2. LIC Jeevan Akshaya Plan
Pension fund
The pension fund that the policy the holder receives is given to them in a lump sum amount so that they are able to live their life after retirement smoothly and with a similar standard of living.  
Tenure
The LIC Jeevan Akshaya Pension Scheme  is offered with a term of 5 years.
Benefit
The LIC Jeevan Akshaya Pension Scheme  does not ask their plan holder to get a medical checkup done before starting their retirement plan. This is a great benefit as many of the other plans and companies have a compulsory medical examination done.
Annuity
The plan holders of the LIC Jeevan Akshaya scheme will be paid with a lifetime annuity amount and also are given the return of the purchase price of the plan.
Annuity payment
The plan holder of this plan have to  pay the annuity in installments and they get the frequency options as  follows: yearly, monthly, quarter - yearly or even half - yearly and the  insured can choose any one of it according to their preference.
Age of entrant 
To be able to enter into the LIC Jeevan Akshaya scheme, the potential plan holder needs to be at least 30 years of age and they cannot be over the age of 85 years to be an entrant in the pension policy. 
3. Retire Rich by Bajaj Allianz
Type
The Retire Rich retirement plan by  Bajaj Allianz is a type of annuity pension scheme.
Tax benefits
The Retire Rich retirement plan by  Bajaj Allianz has tax exemptions and benefits that are offered under the  Section 80 CCC and Section 10 (10 A) of the Income Tax Act.
Death benefit
The Baja Allianz Retire Rich plan  gives the nominees or the family members of the insured with a death benefit in case the policyholder dies. The death benefit amounts to the sum value of  a tremendous 105 % of the entire premium that the insured had paid up until  the time of their demise.
Grace period
The Bajaj Allianz Retire Rich scheme holders  get the benefit of a grace period. A grace period is a duration of time when the plan holder is allowed to pay off any premiums that are due as they were not able to pay them by the date that they were supposed to. This plan gives their policyholders with a grace period of 15 days which is applicable for the plan with the premium frequency of 1 month and 30 days grace period which is applicable for the plan with the rest of the premium frequencies.  
Premium
The premium that has to be paid on a  yearly basis has a very nominal amount for the minimum payment. The plan  holder has to pay just an amount of INR 15,000 per annum to keep the plan  going.
Age of entrant
To be able to enter into the Bajaj  Allianz Retire Rich plan, the age of the entrant has to be a minimum of 30  years of age and the maximum age limit with this plan is 73 years to be able to take up the policy. 

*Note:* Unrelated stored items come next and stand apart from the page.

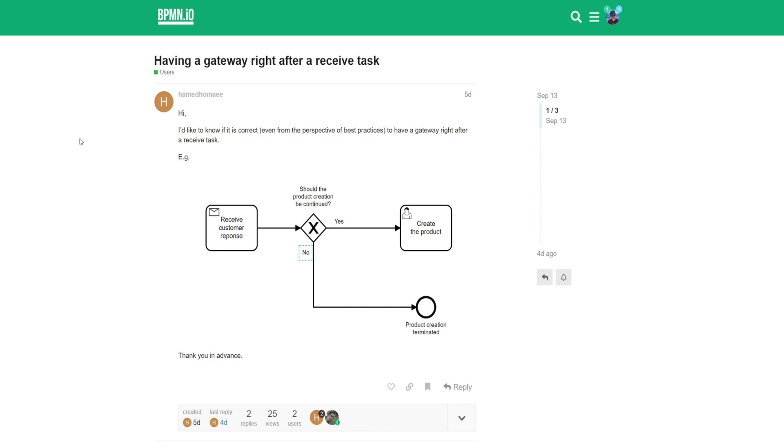Whether you're a business process analyst, modeler, developer, or learner, the following are two great resources you can use to communicate with the BPMN community. The first is BPMN.io. This is by far one of the most active places if you want a question answered.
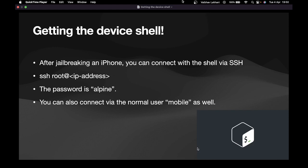So how do you do that? First, once you jailbreak your iPhone, you can connect the shell of your iOS device by simply SSH-ing into it. All you have to do is write ssh root and the IP address of your iOS device.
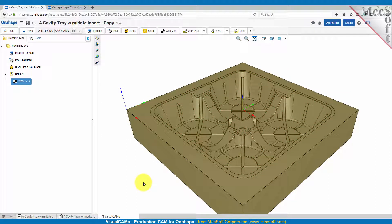Hello everyone and welcome to VisualCam C for Onshape. In this video we're going to be taking a look at three axis toolpath operations to machine this cavity block.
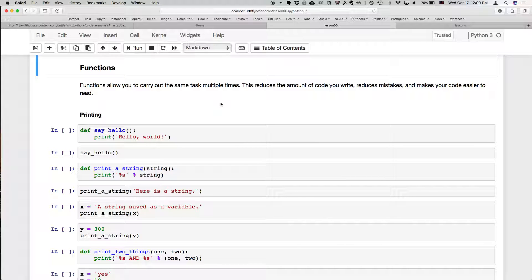The last thing we're going to cover today is functions. This is another really powerful feature of programming languages and Python — the ability to put some code inside a function and execute that code multiple times in different situations. This reduces the amount of code you have to write, reduces mistakes, and makes your code easier to read. If you're doing something multiple times, you shouldn't have to write it multiple times — you write it once and then say, do that thing again.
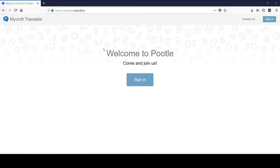For now, I'm here to get you excited about the translation suite and learn a little bit about it. So first thing you want to do is go to translate.mycroft.ai.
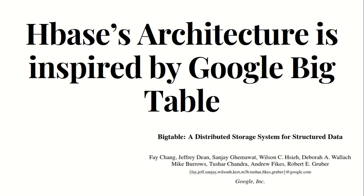HBase architecture is inspired by Google's Bigtable. So what is Google's Bigtable? It is the Distributed Storage System for Structured Data. You can see at the bottom of my screen, I'm sharing the paper title, which is Bigtable: A Distributed Storage System for Structured Data, authored by these guys which you can see at the bottom. This paper actually inspired the HBase architecture.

4. Personal Pension Plan by HDFC
Type
The Personal Pension Plan by HDFC is a retirement scheme which works on the basis of a single life.
Tenure of the plan
The Personal Pension Scheme by HDFC has the tenure of any number of years between  10 years to 40 years.
Death benefit
The  HDFC Personal Pension Plan gives the nominees of the insured with 101 % of  the entire premium paid as a death benefit in case the insured dies.
Vesting option
This   the plan also has an option to be vested from the plan holder to the nominees  after the insured dies.
Benefit
This plan can also be taken up with  EMI options.
Premium payment
The policyholder can choose the premium payment options as they are very  flexible. 

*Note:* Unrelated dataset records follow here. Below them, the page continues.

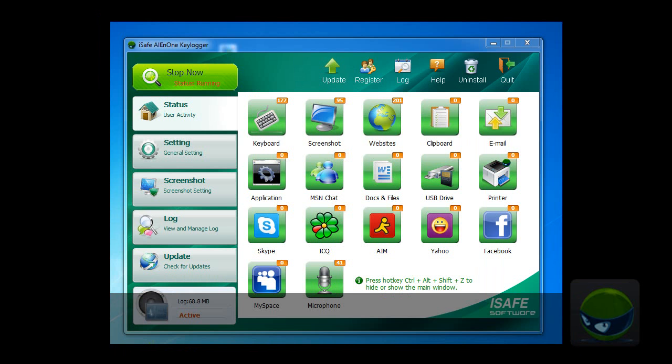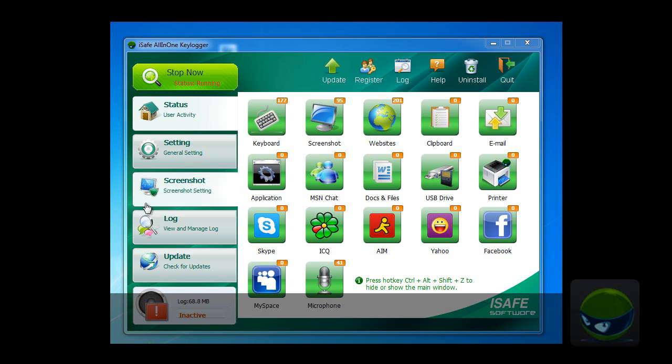After a short time of running the program, iSafe All-in-One Logger has recorded all activities on your PC. So how to stealthily capture screenshots of your children or employees' computer activities? Look here, it has captured 95 screenshots on my computer. So how to set up this?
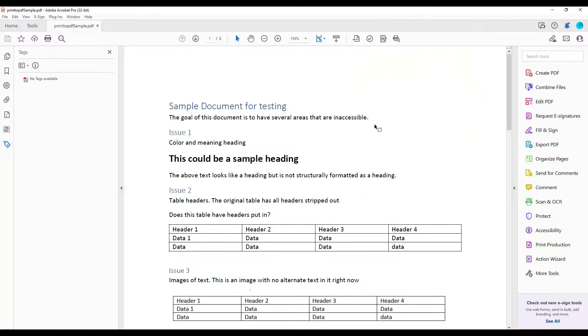Now let's see the auto tagger. I have a sample document open that was created from a Microsoft Word document, and with the tags panel open, I can tell that there are no tags available.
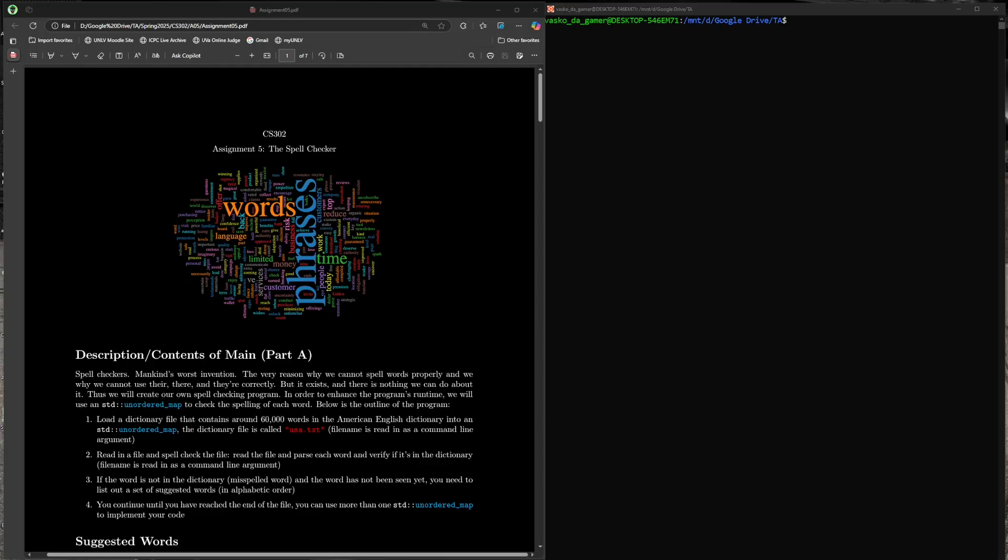All right everybody, welcome to another CS302 assignment. Since we passed the midterm, we've been through all that linked list content, pointer stuff, and segfaults—all that fun stuff we've already encountered. So now we're going to take a little break and do something a bit easier. The good news for this assignment is we're going to be using STL vector and STL unordered map, which are going to make life a lot easier. You'll appreciate these STL types versus having to implement them manually.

There are a lot of pension schemes that one can take up in 2018. The best pension scheme would be the one that suits you the best and provides you a good pension fund in the near future after you take it up in 2018 and calculate the inflation rate as well. Not only that but also provides well for your family. Above are some of the best pension schemes that are available to take up, as an investor into a pension scheme, you have to choose the one that will suit you the best in accordance with your monetary goals for your post-retirement life and how much pension fund you need to be able to pay off your bills after retirement and also, leave you enough to be able to use it in case of emergencies. So, there is no one particular pension scheme but there might be just the one for you, you just have to research and compare to find the one for the year 2018 or consult an insurance policy agent.